Tutto passa attraverso Metel anche perché gli extrasconti di solito sono concordati prima e quindi inseriti nell’ordine dal cliente. Il sistema è semplice e risolve quasi tutti i problemi solamente uno o due ordini al mese presentano la necessità di essere rielaborati in quanto non preventivamente autorizzati.

Il falso mito dei cantieri secondo me, invece, è ancora attivo visto che per noi ricevere un ordine di questa tipologia è un problema.

Credo anche ci siano problemi che dobbiamo risolvere con Metel come ad esempio il rapporto tra località di spedizione e attribuzione dell’ordine ad uno specifico agente per evitare di trattare le provvigioni in maniera non appropriata.

Le faccio un esempio, io ho un grossista che ha dei punti vendita a Milano e a Bologna. Le parti di vendite per la sede di Milano devono essere accreditate come provvigioni a un determinato agente, mentre quelle di Bologna ad un altro agente.

A me arriva una consegna da fare a Piacenza, io non ho dati per sapere a quale dei due agenti compete la vendita.

Però se Metel potesse elaborare un programma che mi dice: la consegna è a Piacenza, però la filiale di competenza dell’ordine è quella di Bologna io sarei in grado di collegare l’agente e fare la spedizione comunque a Piacenza utilizzando Metel.

Questo dipende da come è strutturata una rete di agenti all’interno di una società perché se uno non l’ha strutturata per aree geografiche o l’ha strutturata per aree macro non ha problemi.

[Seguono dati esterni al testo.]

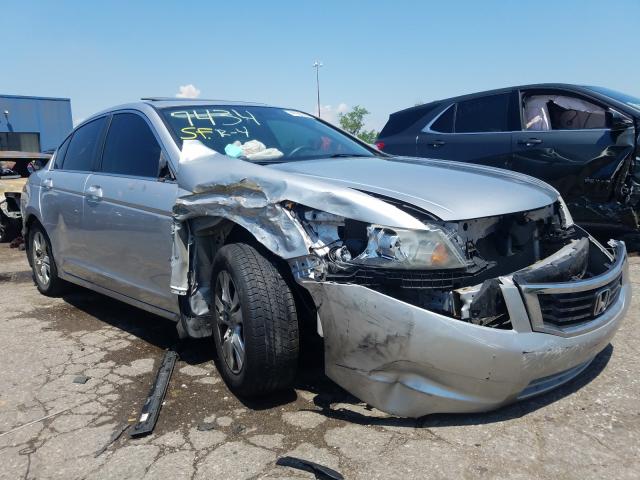 HONDA ACCORD LXP 2010 1hgcp2f43aa127434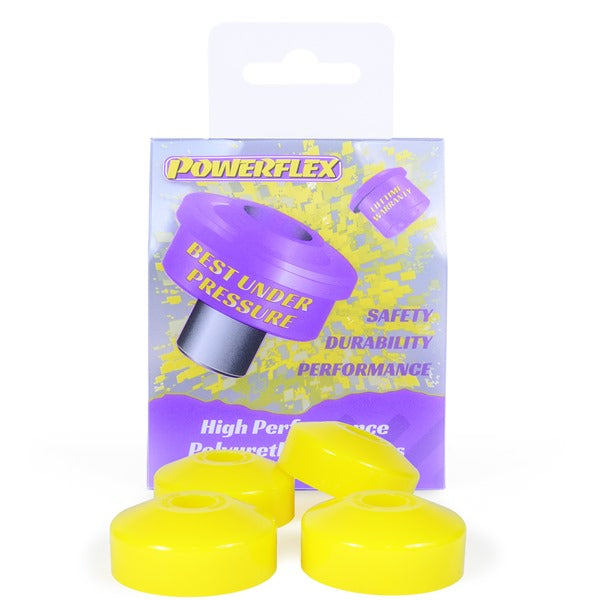 Powerflex - Honda CR-Z (2010 - 2016) Rear Shock Top Mount Bushing - PFR25-430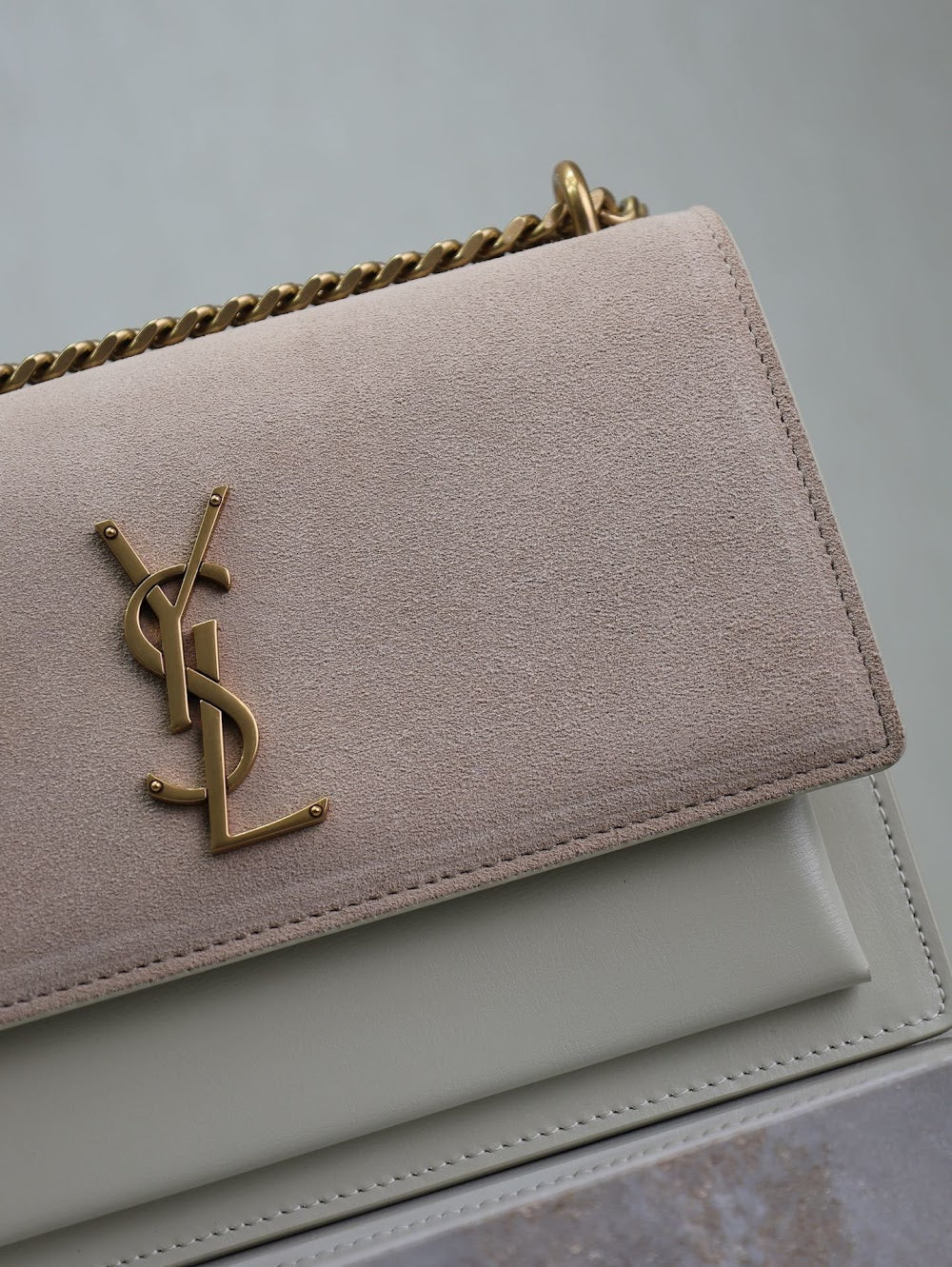 Ezyycart Bags YSLn Luxury Bag --119546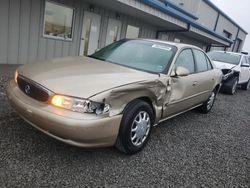 Vehiculos salvage en venta de Copart Cleveland: 2004 Buick Century Custom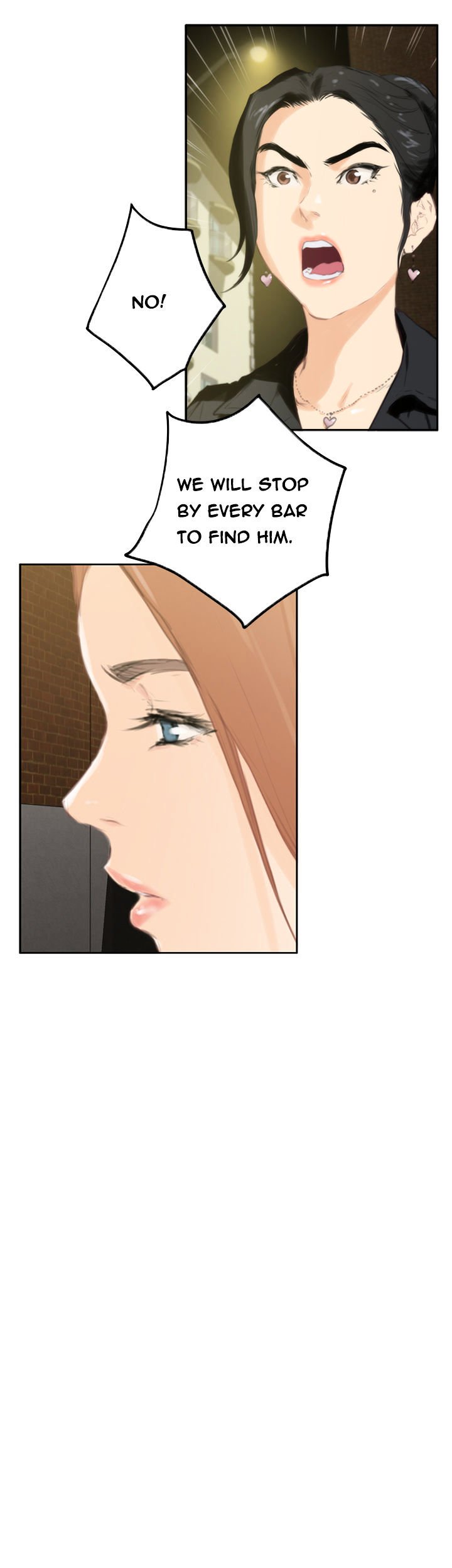 H-Mate Chapter 90 image 29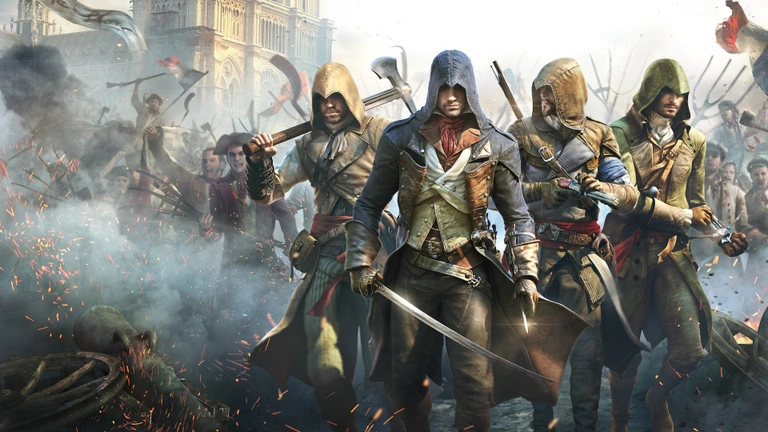 Cet Assassin's Creed est à moins de 5€ sur PlayStation et bonne nouvelle, il profite d'une mise à jour PS5 gratuite !
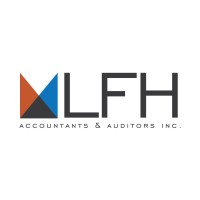 LFH Accountants and Auditors Incorporated logo, LFH Accountants and Auditors Incorporated contact details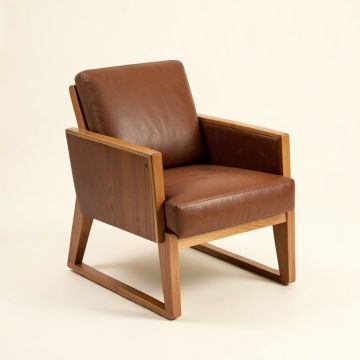 Tovin 25.5 '' Wide Side Chair (synthetic illustration; no displayed measurements)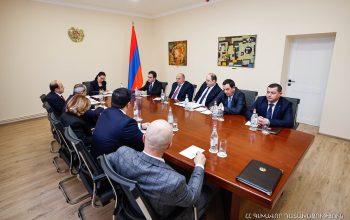 Իջևան և Դիլիջան համայնքին է վերադարձվել 162 միլիոն 345 հազար դրամ արժեքով 4 անշարժ գույք. ամփոփվել են Տավուշի մարզի դատախազության 2025 թվականի աշխատանքները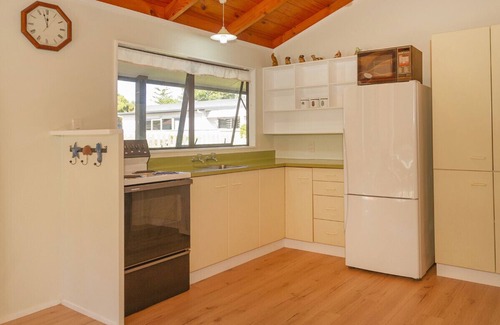 Whangamata Cottage | Whangamata Wonder - Maison de vacances Whangamata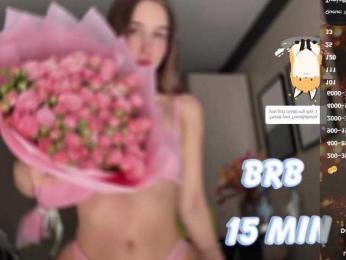 Milkaff- bongacams stream image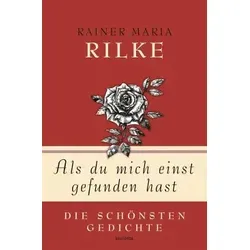 Als du mich einst gefunden hast von Anaconda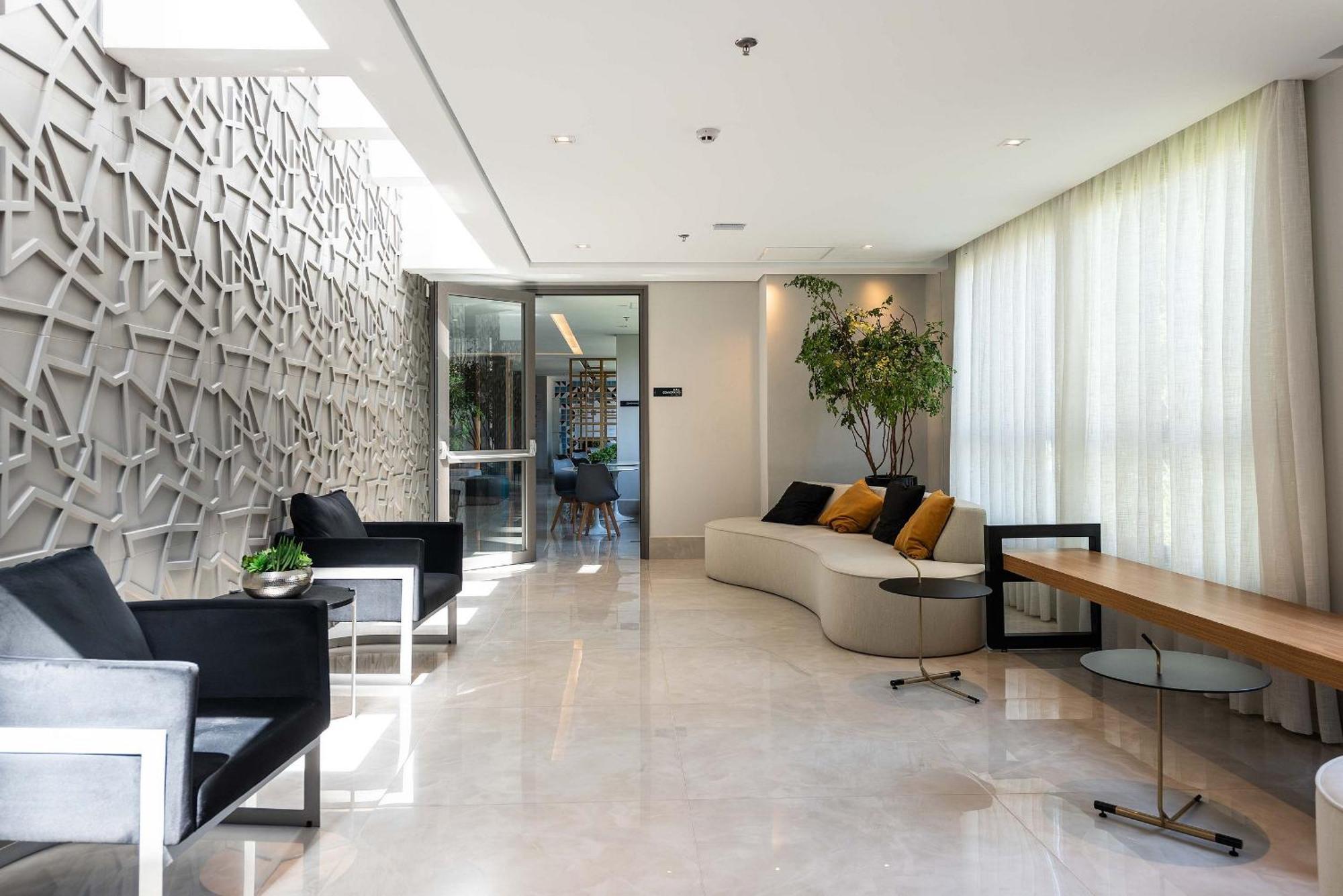 Apartamento Modernos E Confortaveis No Coracao Da Mariana Proximo Ao Metro Santa Cruz
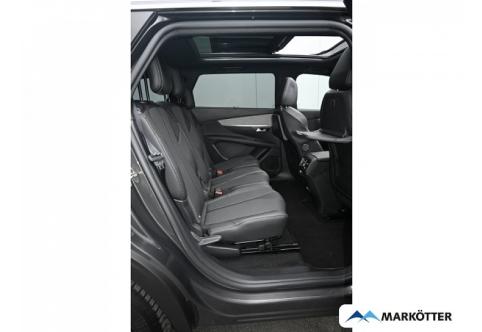 Peugeot 5008 #8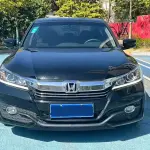 Honda Accord 2018 из Китая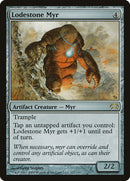 Myr de la pierre de lest [Planechase]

Invece per noi questo problema su una decina di grossisti c’è. Se riceviamo un ordine cartaceo siamo in grado di determinare l’agente di competenza semplicemente analizzando la destinazione finale dello stesso.

Un altro elemento erano l’evasione degli ordini urgenti nel confronto tra fax e edi.

Il falso mito degli ordini urgenti è veramente una favola.

Nel nostro caso ad esempio facciamo delle revisioni sul sito Metel ogni mezz’ora per cui appena ricevuto l’ordine ci attiviamo.

Sono certo che i miei operatori qualora ricevessero un fax, in mezz’ora l’ordine non potrebbe essere sul sistema, poiché andrebbe controllato.

La velocità di presa in carico di un ordine EDI è sicuramente più veloce rispetto ad un ordine che arriva via fax, via telefono o via mail.

La seconda cosa è che noi internamente ci siamo dati una policy per cui il nostro magazzino da priorità rispetto agli ordini EDI per incentivarne l’uso.

Di questa policy i nostri commerciali ne hanno parlato diffusamente con i clienti.

Quindi gli unici produttori che potrebbero competere in velocità con l’EDI sono quelli che hanno un portale proprio.

Come velocità del processo si, ma è praticamente la stessa cosa. Lo svantaggio del portale è che richiede un tracciato proprietario o un inserimento manuale diretto da parte del cliente sul portale.

Quindi si allungano i tempi da parte del cliente.

Ogni fornitore scrive il portale in maniera diversa e quindi il cliente si dovrebbe abituare ad utilizzare tanti diversi portali, mentre con l’EDI si opera attraverso standard condivisi e quindi considerando tutti gli aspetti è senz’altro più veloce operare con l’EDI.

Mi sembra che voi utilizzate molto Metel dall’ordine alla fatturazione elettronica.

Utilizziamo tutti i servizi compreso la conferma d’ordine e l’avviso di spedizione. Riceviamo circa il 50% degli ordini via EDI ed abbiamo risparmiato il 30%/40% del personale che caricava ordini. Poi il servizio al cliente è più certo, ho la tracciabilità di tutti flussi. Così se un cliente ha determinata necessità il sistema si adatta di conseguenza.

Sono diminuiti tantissimo gli errori.